From the various sources, the researchers want to create a comprehensive database at the Rhode Island Department of Health that would document each case of elder abuse reported during 2006 and 2007. Verhoek-Oftedahl said she expected the work to be completed by June of next year.

The work that Verhoek-Oftedahl and her five-member team is doing could serve as a model for other states, she said, and is especially important because of Rhode Island’s high concentration of elderly residents. Rhode Island ranks fourth in the country for residents aged 75 and older. Studies show that people over 75 are the most likely victims of abuse and that almost all elder abuse (89.3 percent) takes places in domestic settings. Elders suffering from dementia are often targets.

Currently, the state Department of Elderly Affairs is the main centralized reporting source for elder abuse statistics. It investigates complaints, provides assistance to victims and refers cases called into its hot line to the police for prosecution, if, upon investigation by social workers, there is evidence of physical or financial abuse.

The DEA says it receives 800 to 900 complaints of abuse each year and verifies about 80 percent of them, according to Corinne Calise Russo, the DEA director. But the statistics do not provide a true picture of the extent of reported elder abuse in Rhode Island because not all complaints of abuse are reported to the DEA’s hot line. Sometimes doctors and the police do not report cases of abuse they encounter to the DEA, according to Verhoek-Oftedahl and Dr. Robert Kohn, the director of the Brown medical school geriatric psychiatry training program, who is working with her on the project.

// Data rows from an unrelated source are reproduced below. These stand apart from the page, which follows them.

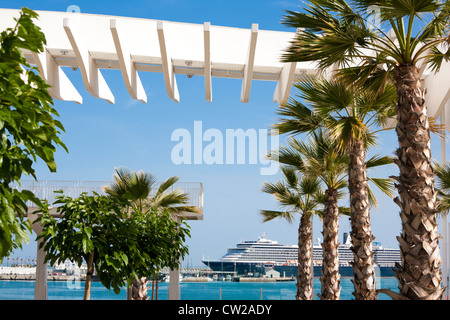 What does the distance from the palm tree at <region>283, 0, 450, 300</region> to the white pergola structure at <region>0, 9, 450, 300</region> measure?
547 centimetres

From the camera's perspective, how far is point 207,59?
12273mm

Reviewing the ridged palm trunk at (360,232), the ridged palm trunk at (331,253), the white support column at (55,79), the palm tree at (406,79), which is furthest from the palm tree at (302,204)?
the palm tree at (406,79)

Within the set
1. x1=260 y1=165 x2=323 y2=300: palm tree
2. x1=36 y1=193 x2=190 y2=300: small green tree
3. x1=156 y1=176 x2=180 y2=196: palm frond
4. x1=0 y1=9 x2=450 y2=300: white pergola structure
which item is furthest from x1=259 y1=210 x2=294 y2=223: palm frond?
x1=36 y1=193 x2=190 y2=300: small green tree

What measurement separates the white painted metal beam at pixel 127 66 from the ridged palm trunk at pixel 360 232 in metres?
6.04

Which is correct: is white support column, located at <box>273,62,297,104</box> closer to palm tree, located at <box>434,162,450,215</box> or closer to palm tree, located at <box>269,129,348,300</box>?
palm tree, located at <box>269,129,348,300</box>

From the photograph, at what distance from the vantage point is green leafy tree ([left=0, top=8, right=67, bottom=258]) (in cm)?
234

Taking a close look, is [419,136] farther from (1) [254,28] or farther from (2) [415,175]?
(1) [254,28]

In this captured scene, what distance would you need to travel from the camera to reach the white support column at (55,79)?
12589 millimetres

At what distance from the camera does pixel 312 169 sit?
37.7 ft

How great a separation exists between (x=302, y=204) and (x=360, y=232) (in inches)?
242

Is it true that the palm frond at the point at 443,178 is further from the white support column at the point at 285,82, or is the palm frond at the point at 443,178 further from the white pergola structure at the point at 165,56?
the white support column at the point at 285,82

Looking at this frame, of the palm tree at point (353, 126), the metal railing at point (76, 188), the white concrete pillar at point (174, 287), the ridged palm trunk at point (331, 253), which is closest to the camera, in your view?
the palm tree at point (353, 126)

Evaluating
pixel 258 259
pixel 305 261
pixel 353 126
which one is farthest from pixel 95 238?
pixel 258 259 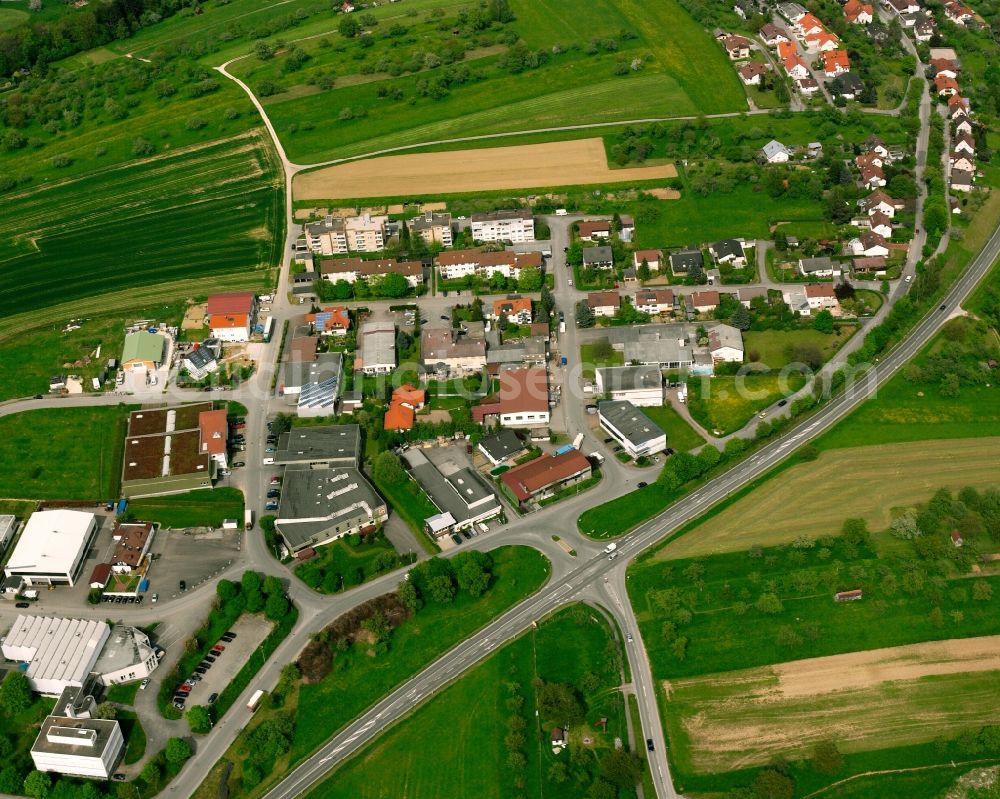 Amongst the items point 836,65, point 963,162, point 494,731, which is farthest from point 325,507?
point 836,65

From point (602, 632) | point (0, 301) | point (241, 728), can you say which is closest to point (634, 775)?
point (602, 632)

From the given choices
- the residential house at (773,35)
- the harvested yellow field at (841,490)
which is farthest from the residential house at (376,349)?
the residential house at (773,35)

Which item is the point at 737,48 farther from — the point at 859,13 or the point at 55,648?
the point at 55,648

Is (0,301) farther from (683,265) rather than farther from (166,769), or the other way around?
(683,265)

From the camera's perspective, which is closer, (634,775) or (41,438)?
(634,775)

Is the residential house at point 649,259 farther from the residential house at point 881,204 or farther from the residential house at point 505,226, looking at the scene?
the residential house at point 881,204

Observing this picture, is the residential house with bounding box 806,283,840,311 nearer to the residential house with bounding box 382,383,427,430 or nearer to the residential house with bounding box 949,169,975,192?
the residential house with bounding box 949,169,975,192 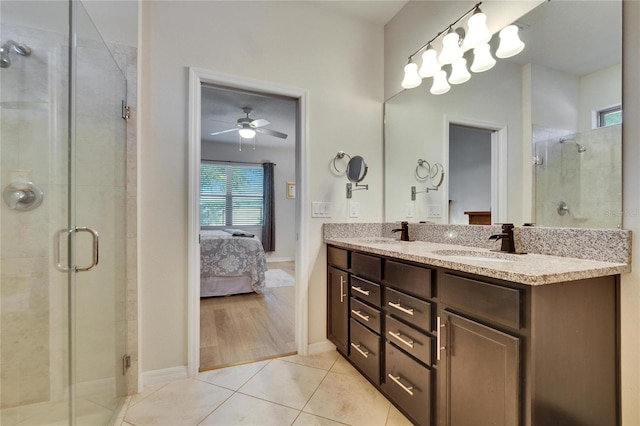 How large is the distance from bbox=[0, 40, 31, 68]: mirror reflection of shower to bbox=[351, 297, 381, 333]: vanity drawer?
2169 mm

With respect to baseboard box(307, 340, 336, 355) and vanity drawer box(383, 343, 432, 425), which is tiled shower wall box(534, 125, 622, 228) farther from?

As a preliminary step in applying for the grant, Verhoek-Oftedahl and one of her former students, Emily Garber, did a study which found that only 36.3 percent of the elder domestic violence arrests made by Rhode Island police departments from 2001-2004 were reported to the Department of Elderly Affairs for investigation. The study showed that while the police were reporting all of the arrests they made to the state Supreme Court’s Domestic Violence Training and Monitoring Unit, as required, social workers at the DEA who provide assistance to such victims were unaware of many of these cases.

Kohn said the study showed that while some departments did report all of the arrests they made for domestic violence against elders to the DEA, some of the biggest ones did not.

One of the things Kohn says he’ll do with the grant money is to see whether workers in hospital settings are doing a better job of reporting the abuse they encounter. He will review five years of mental health records at Butler to see whether psychiatrists and social workers there are reporting suspected elder abuse noted in their reports. Medical records at other acute care hospitals will also be reviewed, along with records from the medical examiner’s office which does autopsies.

One of the goals of the project is also to try to detect some previously unrecognized cases of elder abuse so the investigators can come up with an estimate of how many cases of elder abuse go unreported. Verhoek-Oftedahl also said that “we want to look at demographics of the victims, the characteristics of perpetrators. We know elder abuse is very widely underreported.”

Verhoek-Oftedahl says that the data linkage the project envisions will provide “unduplicated counts of victims of physical, sexual and psychological abuse as well as victims of neglect and financial exploitation. Elders residing in both community and institutional settings will be included.”

Once all of this information is collected and stored electronically in a central databank, “we will finally have a clearer picture of the extent of elder mistreatment in the population and have the information essential to develop and target more effective public health interventions,” Verhoek-Oftedahl said. “We may not be using the best interventions possible right now and may need to modify existing interventions.”